NFL and Its Licensing Unit Owe Former Players
A federal jury found in November that the National Football League Players Association and its licensing unit, Players Inc., owed as many as 2,062 former NFL players royalties from licensing agreements with companies such as video-game maker Electronic Arts Inc., makers of the popular "Madden NFL" video game. The jury ordered the association to pay $7.1 million in actual damages and $21 million in punitive damages after determining that the union had ignored contracts covering reimbursement for use of the retired players' images in such things as video games and sports trading cards.
Central to the retired players' claim was a 2001 letter in which a union executive directed EA Sports to scramble images of retired players used in "Madden NFL" to avoid having to make royalty payments.
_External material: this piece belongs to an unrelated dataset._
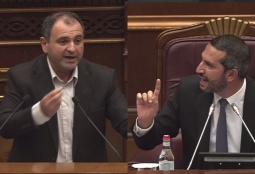 «Աշակերտներ, լավ սովորեք, որ նիկոլական չդառնաք». ԱԺ–ում կրքերը բորբոքվեցին (ՎԻԴԵՈ)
Hall of Famer Herb Adderley, the former Green Bay Packer, who initiated the class-action lawsuit more than two years ago, noted to reporters after the verdict, "If you look at the 1976 Green Bay Packers in that game, you'll know that the only left cornerback that year had to be Herb Adderley, but they scrambled my face and took the number off of my jersey. Yet, they had my correct height, weight and years of experience."
The retired players claimed they were entitled to a share in royalties under group licensing agreements they'd signed, while the union said that only active players were covered by the agreements.